* **Exercise brief**
Copy the data that follows exactly as it is, excluding all pictures.
--- Given material Enclosed Below ---
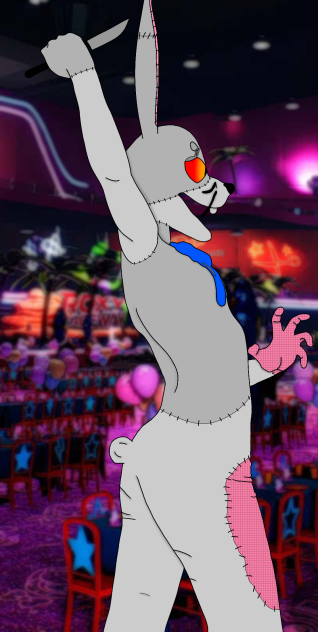 FNAF FA! no lighting or bl00d
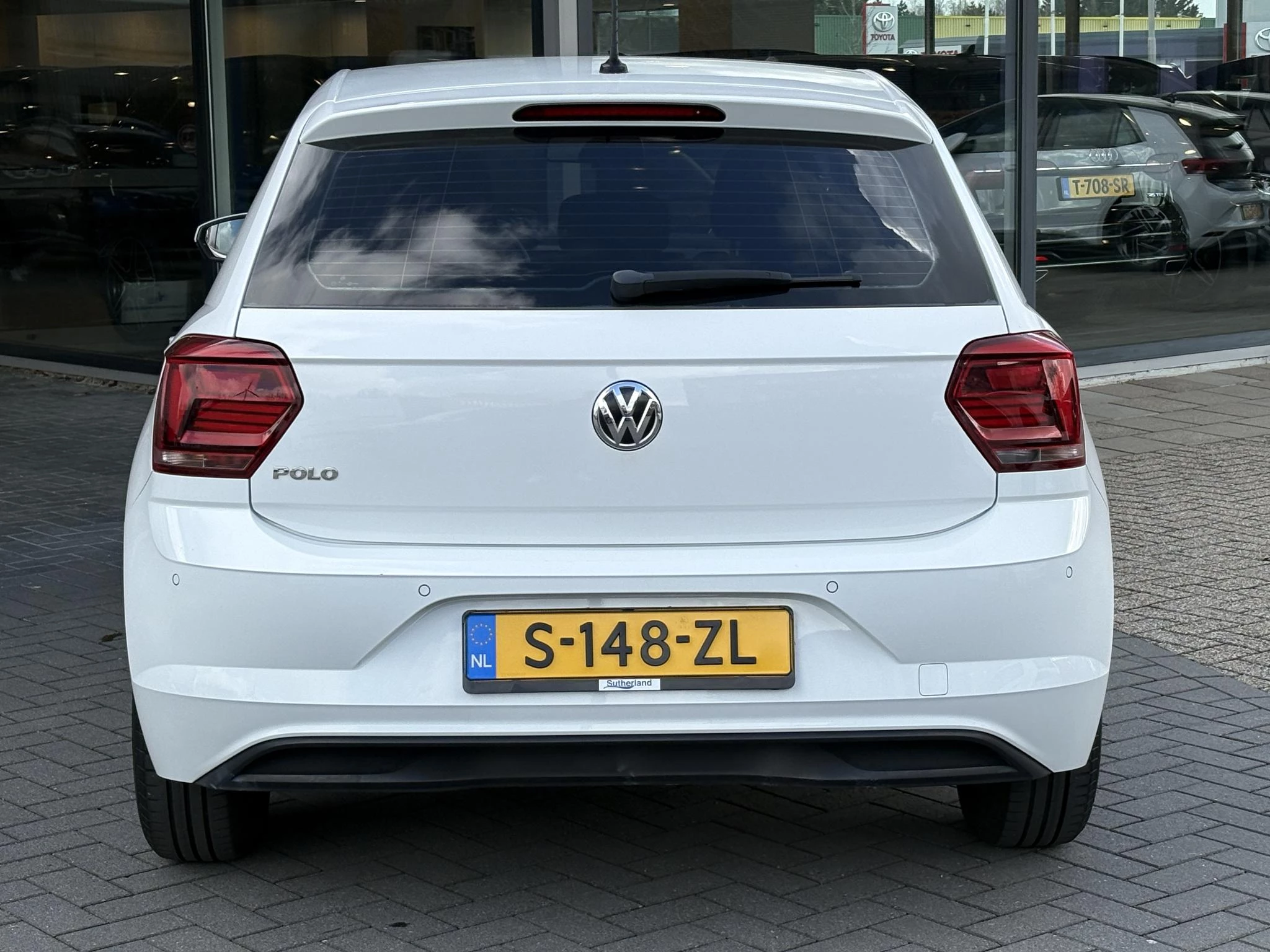 Hoofdafbeelding Volkswagen Polo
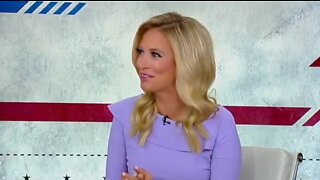 Kayleigh McEnany DEBUNKS Stacey Abrams' Twisting Of Biology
--- End of Enclosed Given material ---
* **Answer to the exercise**
 FNAF FA! no lighting or bl00d
 Hoofdafbeelding Volkswagen Polo
 Kayleigh McEnany DEBUNKS Stacey Abrams' Twisting Of Biology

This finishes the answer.